A Whale of a Tale

"Hey Kurt," John waved the next day. "You feeling any better?"

"Ya," Kurt sighed. "I mean once I stopped fighting the notion that we're supposed to be actually learning things in class, I feel much better now."

"That's the spirit," John said. "Although you did have a point kid. Maybe we should just discuss a book or two to be safe."

"You mean Storm actually believed that line about you teaching the class about Frankenstein?" Tabitha asked. "Man you are lucky."

"Yeah so why don't we just get the slamfest out of the way first, then we'll watch some TV," John told them. "Not like we don't have enough material to use."

"You know the worst book I ever read was?" Tabitha said. "Moby Dick. Emphasis on the Dick. No I mean the teacher that was a…"

"Yes Tabitha we get the picture," John interrupted. "Moby Dick is a lousy book.
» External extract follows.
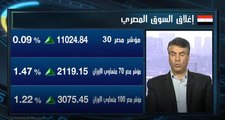 مشتريات المؤسسات ببورصة مصر تدعم صعود جماعي للمؤشرات..وEGX70 يرتفع بأكثر من 1.4%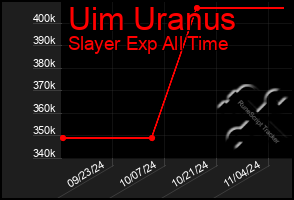 Total Graph of Uim Uranus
Why it's taught in schools I will never understand."

"Well it is a realistic depiction of life on a whaling ship in the 1800's," Kurt said.
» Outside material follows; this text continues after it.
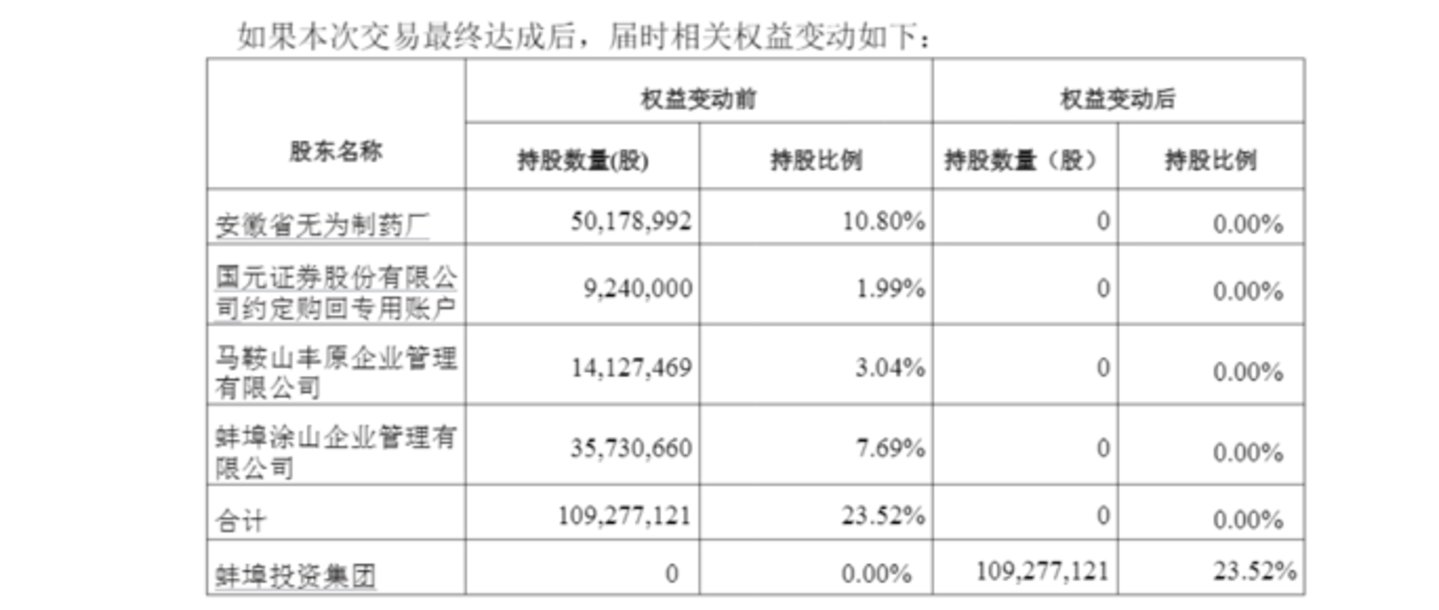 安徽首家医药上市公司易主:丰原药业难撑困局,蚌埠国资7亿元接盘 安徽首家医药上市公司易主:丰原药业难撑困局,蚌埠国资7亿元接盘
"It's a depressing depiction of life period," Tabitha groaned. "Who in their right mind wants to learn about how they killed whales?"

"Yeah there's some useful information we need in real life," Paige said sarcastically.

"Well maybe if a killer radioactive whale goes on the rampage downtown," Jamie scratched his head.

"That is so stupid," Ray groaned.

"Considering our lives it's actually a valid possibility," Sam corrected.

"Oh come on," John told them. "No mutant is that weird."

"Famous last words," Rogue rolled her eyes. "But actually it's more than about killing whales."

"It is?" Jamie asked.

"Yeah it's about how not to be obsessive about something in life like Ahab was," Rogue told him. "Or it will destroy you."

"Too bad Melville didn't listen to his own advice," John groaned. "Talk about obsessive writing! It destroyed any chance it had about being an enjoyable book! He goes on and on about every little thing! I mean a hundred and thirty five chapters? And at least fifty of them on different types of whales? Can you say 'bad editing'?"

"Yeah every other chapter it was they stab the whale, then the whale gets away," Rogue groaned. "Stab the whale, whale gets away…Stab the whale…Whale gets away…Get on with the plot already! By the end of the book I was rooting for the whale to kill them all!"

"Which it does," John said. "You must have been happy."

"No it didn't kill Ishmael the stupid narrator," Rogue said. "If it had there wouldn't have been this book now would there?"

"She has a point," Kurt said. "Anybody notice that the only civilized character was Queequeg the cannibal?"

"Well duh," John said. "That's called irony."

"I have a question," Jamie said. "Who wants to kill a whale anyway these days?"

"Yeah with all the scientific chemicals we can create nowadays who needs to kill whales?" Ray asked. "Well besides the Inuit because it's a part of their traditions and culture."

"Nice save," John remarked. "But even we Native Americans never did as much overkill as Whitey! I mean what is it with the Man and blowing away every species on the planet? And how much you wanna bet we mutants are next?"

"Well there's a cheery thought," Rogue muttered.

"Well that's it!" John slammed his fist on the desk. "The buck stops here! We're gonna stop the Man! Everybody! Down with the Man! Come on say it!"

"Down with the man?" The students responded in a confused tone.

"No, no, no…" John shook his head. "Like this! DOWN WITH THE MAN! EVERYBODY!"

"Down with the Man!" The kids said.

"Louder!"

"DOWN WITH THE MAN!"

"AGAIN! STAND UP AND SAY IT WITH FEELING!"

"DOWN WITH THE MAN!" The students jumped up and yelled. "DOWN WITH THE MAN!"

"YEAH DOWN WITH THE MAN!" John jumped on his desk. "DOWN WITH WHITEY! BURN HIM! BURN HIM! KICK HIM WHERE IT HURTS! REVOLUTION! YEAH!!!!"

"WHAT IS GOING ON IN HERE?" Scott walked into the classroom. "What's all the noise about?"

"Uh…" John was trying to come up with an excuse. "Would you believe the kids are really passionate about saving the whales?"